Indeed, PIKfyve has been shown to be an important regulator of endosome activity, particularly early endosome formation. That means that it could be right up there at the beginning stage of viral infection, because endosomes are how many viruses actually deliver their genetic material into a host cell. The data in this new Nature paper strongly suggest the apilimod be tested as a preventative of coronavirus infection and in patients who already have the disease.
But there’s more to the story – I haven’t seen this highlighted, but PIKfyve has also been shown (by the van den Bogaart and Bertozzi groups) to be a key part of the process whereby antigens are presented to the surfaces of dendritic cells (for T cells to then come along and recognize them). That is an absolutely crucial part of the immune response to new antigens, and that paper (which came out in January of last year) showed that apilimod and other PIKfive inhibitors do indeed impair immune function and T-cell activation. That’s just what you don’t want in a viral infection!

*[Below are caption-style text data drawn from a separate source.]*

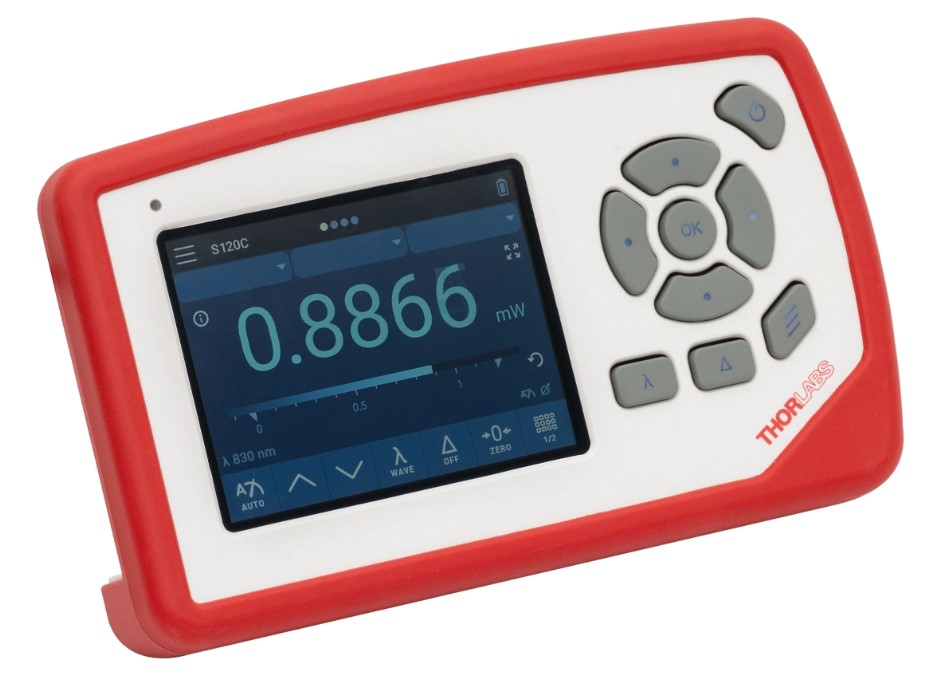 PM100A,PM100D2,PM100D3,PM400激光功率能量計(jì)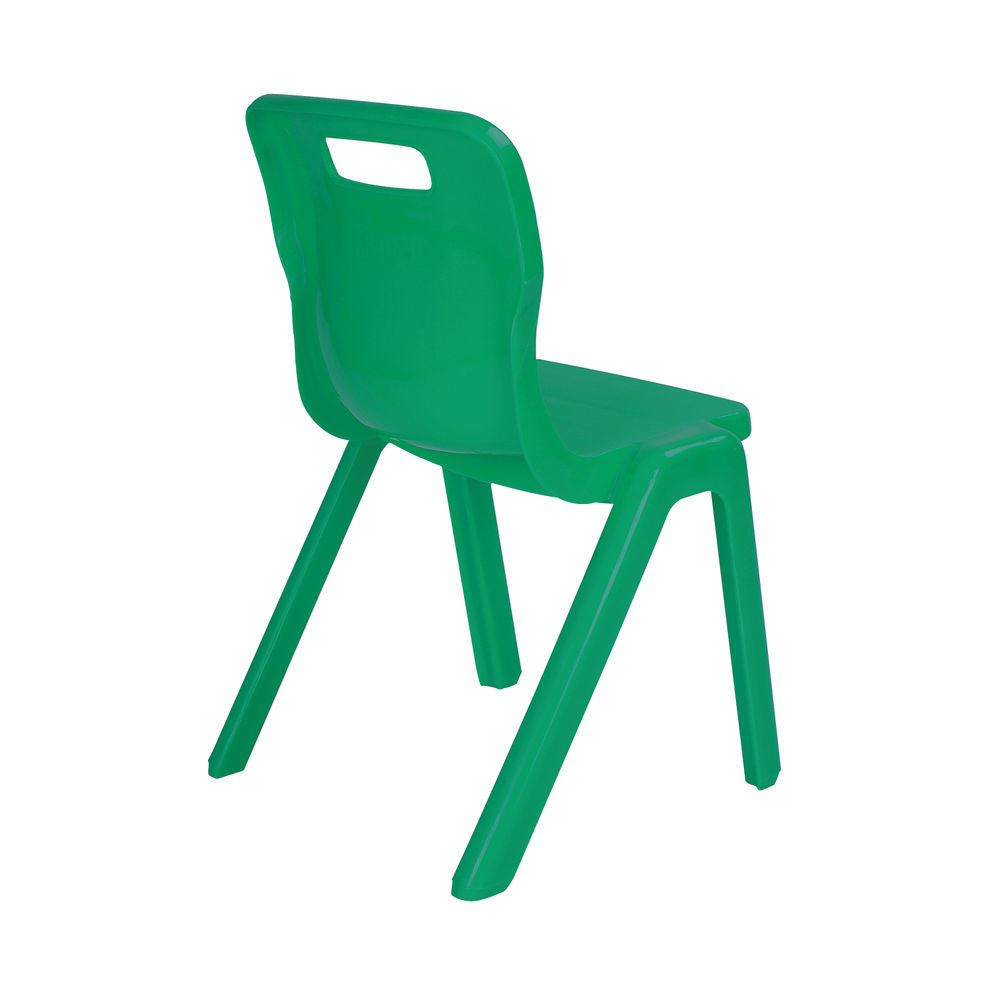 Titan 260mm Green One Piece Chair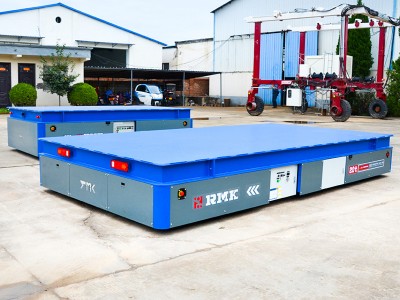 ভারী লোড 20 টন উপাদান ট্র্যাকলেস ট্রান্সফার কার্ট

So clinical trials of apilimod are going to be rather interesting. Will it protect from viral entry, but make other (nonviral) infections more likely? The balancing act between the viral entry inhibition and immune system impairment is something that can only be evaluated for sure in human patients. It’s one of those little biochemistry jokes – there are several of these – that the relentless evolutionary repurposing of enzymes and mechanisms should come along and complicate the attempt to repurpose a drug when it’s needed the most.